L’Insomnie est ici la matrice d’un récit ironique où le narrateur partage une amitié muette avec un Vampire, des coups avec des passants et des propos désabusés avec ses compagnons de bar, dans l’attente d’une révélation sur le sens de cette veille perpétuelle." Résumé extrait du site de José Corti.

On a tout à gagner à la lecture d'un récit de Georges Picard, tout d'abord parce que cet auteur contemporain qui semble affectionner plus volontiers l'autobiographie, l'essai philosophique, nous fait rarement le plaisir d'un roman. Et très étrange en plus, ce roman, animé par les figures du songe et du fantastique, en littérature (le passage du grimoire) comme au grand écran (la séance de cinéma, Nosferatu).
Le postulat du récit est assez simple, et le narrateur l'expose dès les premières pages : l'insomnie modifie la perception du monde, crée “…une sorte d’irritabilité doublée d’une lucidité seconde grâce à laquelle je déchiffre rapidement des significations habituellement cachées aux gens qui dorment bien”. Voici notre héros dans un état second, où il devient le double de lui-même : “Tout concourait à me prouver que j’étais assis entre deux identités, position des plus inconfortables dont la moindre des conséquences est de vous empêcher de dormir. Je prononcai le mot : dédoublement”.

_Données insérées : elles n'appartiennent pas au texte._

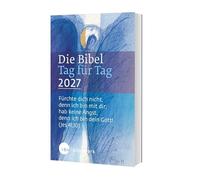 Die Bibel Tag für Tag 2027: Fürchte dich nicht, denn ich bin mit dir;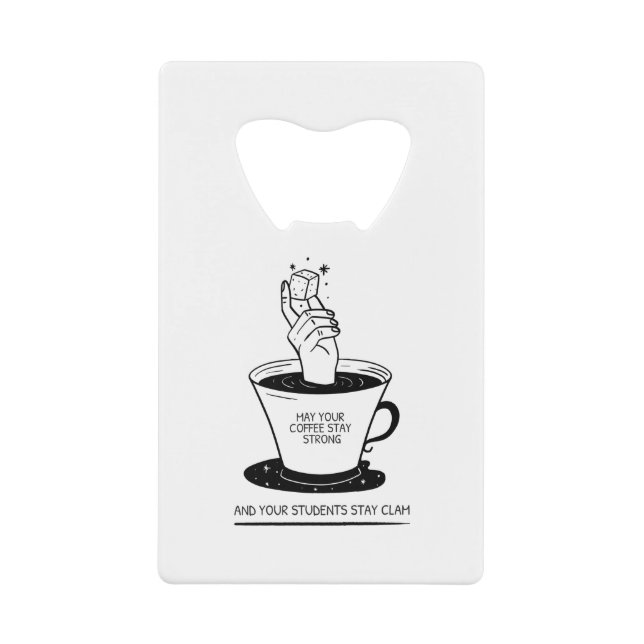 May Your Coffee Be Strong And Your Students Be Cal (Front)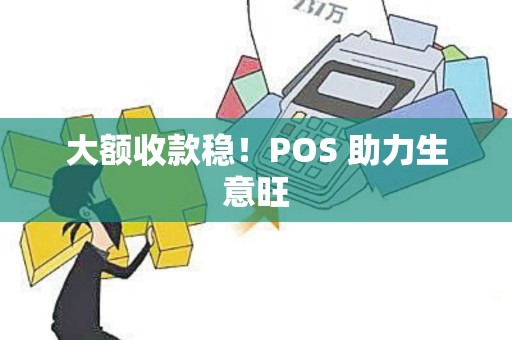 大额收款稳！POS 助力生意旺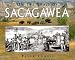 On the Trail of Sacagawea (Lewis & Clark Expedition)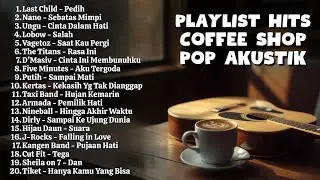 LAGU AKUSTIK COFFEE SHOP POP 2000-AN INDONESIA PALING HITS & POPULER | Playlist Full Album Pagi Hari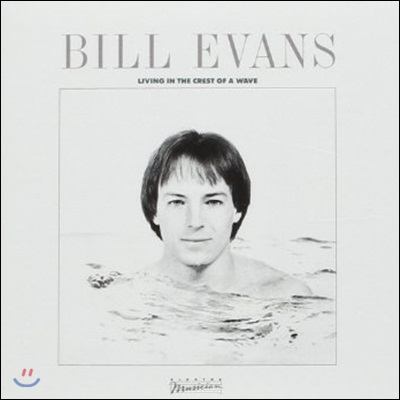 Bill Evans (빌 에반스) - Living In The Crest Of A Wave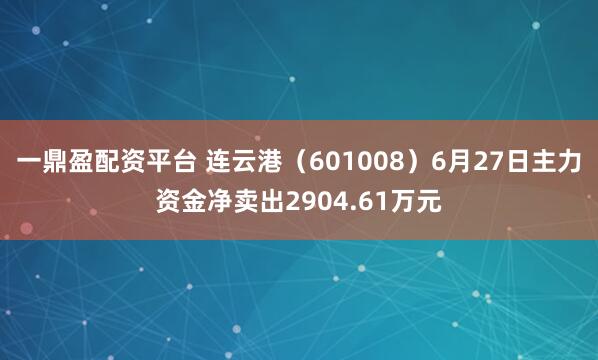 一鼎盈配资平台 连云港（601008）6月27日主力资金净卖出2904.61万元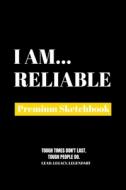 I Am Reliable di Amazing Publishing edito da Amazing Publishing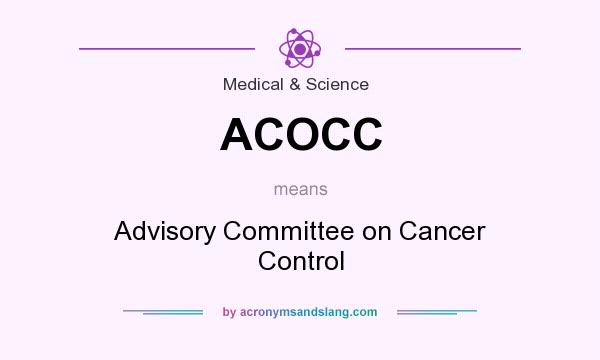 What does ACOCC mean? It stands for Advisory Committee on Cancer Control
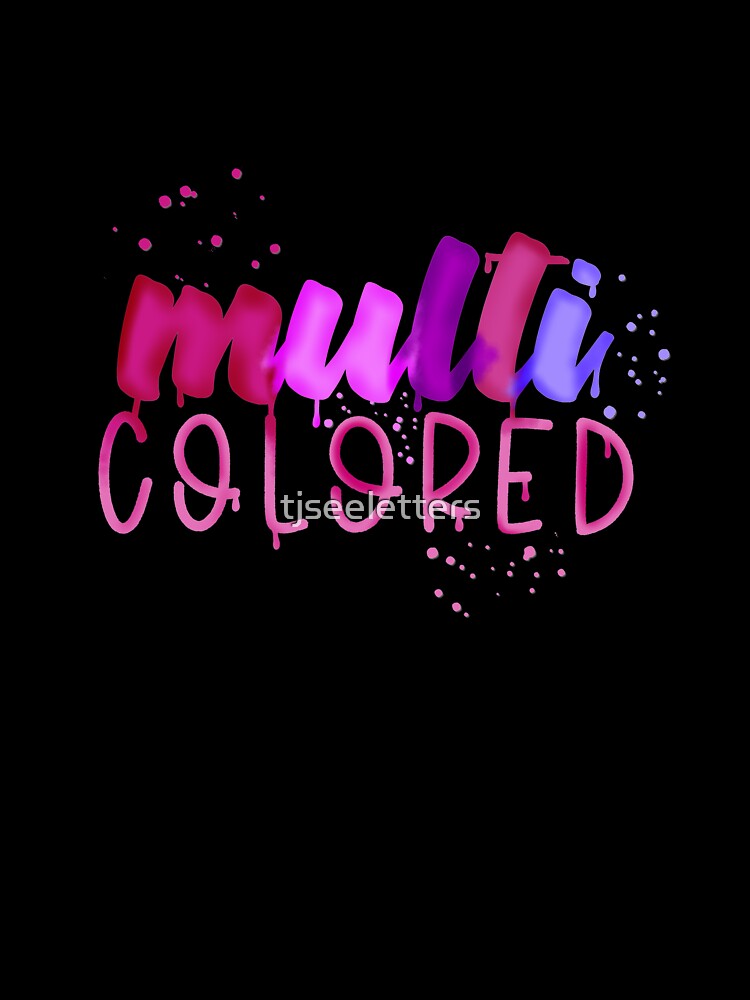 Multicolored by tjseeletters T-Shirts, Hoodie, Sweatshirt | BlankRebels.com (Image 3)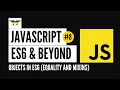 JavaScript ES6 Beyond - Objects in JS Equality and Mixins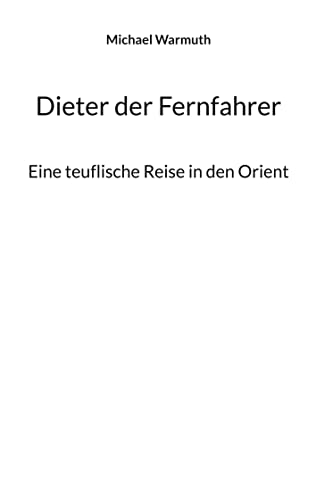 Dieter der Fernfahrer: Eine teuflische Reise in den Orient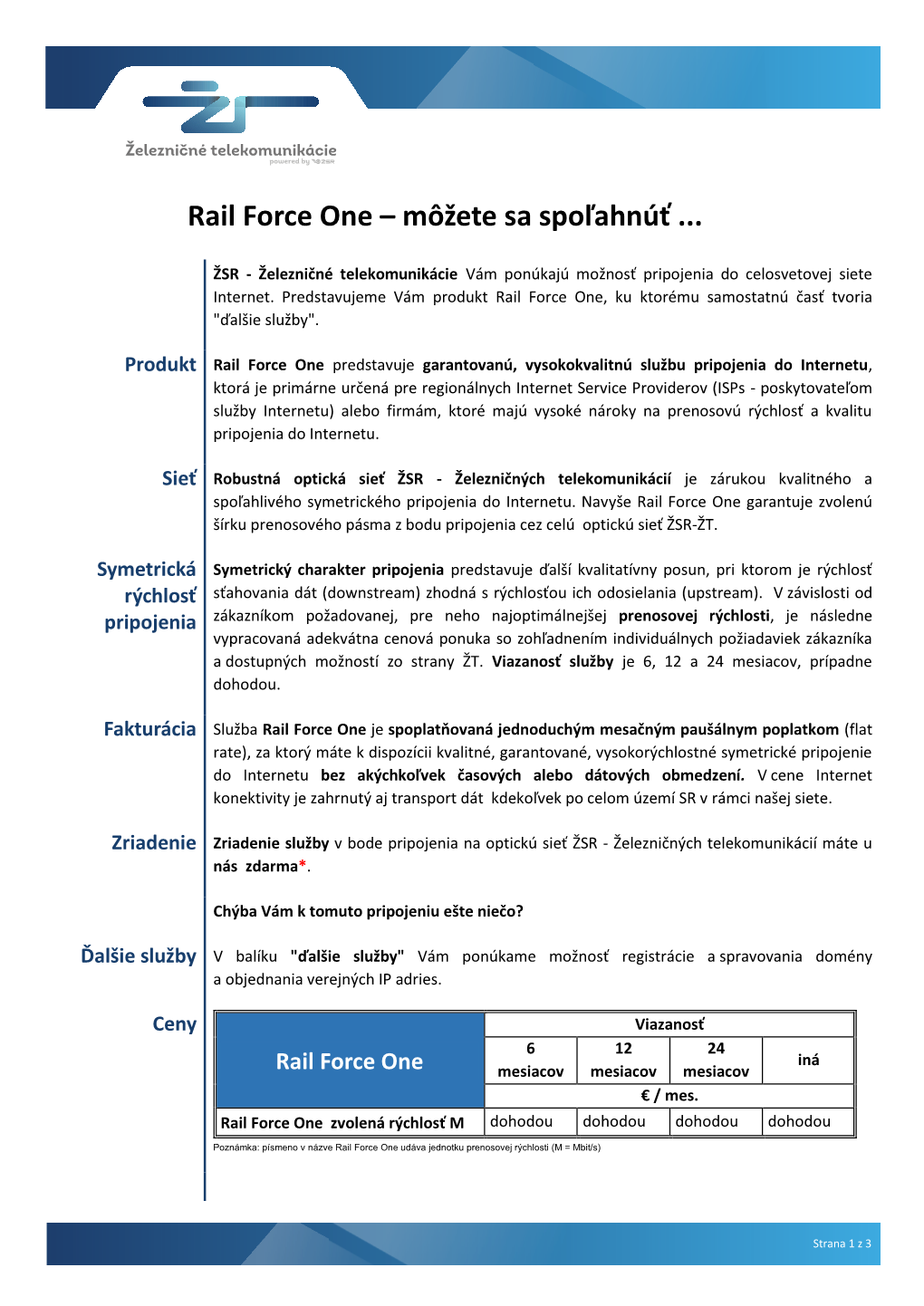 Rail Force One – Môžete Sa Spoľahnúť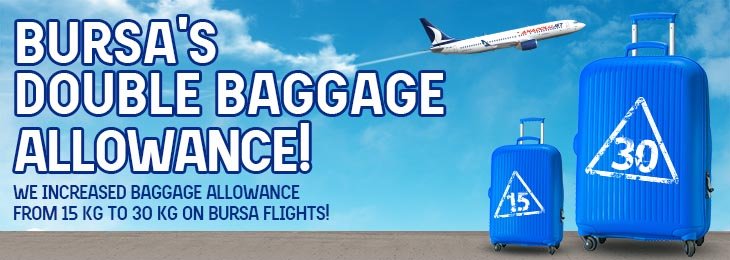 Luggage allowance of Bursa is doubled 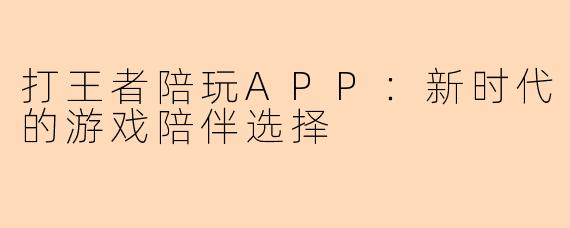 打王者陪玩APP：新时代的游戏陪伴选择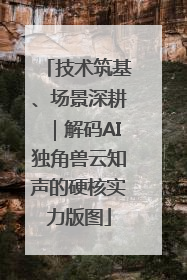 技术筑基、场景深耕｜解码AI独角兽云知声的硬核实力版图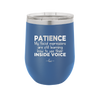 Patience My Facial Expressions Are Still Learning How to Use Their Inside Voice - Laser Engraved Stainless Steel Drinkware - 2414 -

Mais cet état second n'est pas venu comme ça. Picard joue avec le souffle et le vent, car il y a des des bourrasques et des râles qui ne sont pas anodins dans cette histoire : un Nosferatu essoufflé, un barman à la voix asphyxiée. On étouffe en plus d'être insomniaque :
“Je respirai à fond, mais à chaque inspiration, je sentais comme une chute intérieure. On aurait dit que mes organes tombaient dans la cage thoracique.” Qu'on se souvienne du Ruah hébreu (le souffle de vie), du Pneuma des grecs ; à ce stade le narrateur est passé dans un autre monde, celui des ombres, du rêve et des morts, là où le Ruah n'a plus cours.
“Depuis le début de mes insomnies, j’étais extrêmement sensible au climat. plus encore que la pluie ou le soleil, c’était le vent qui me semblait de première importance, comme si son orientation et sa force influençaient l’état atmosphérique de mes pensées. Je me souvins de ce vent chaud, tout à fait inhabituel, qui s’était mis à souffler devant le cinéma (…) Nul doute que le vent était un acteur à part entière dans la théatralisation de mon insomnie”.
Je vous laisse découvrir les tribulations du narrateur - ses commentaires ironiques, ses remarques au vitriol - dans un monde privé d'air symbolique et vu dans un état de conscience modifié : juste notre monde, une société de moutons soi-disant éveillés.


Le Bar de l'insomnie, Georges Picard, José Corti, 224 pages.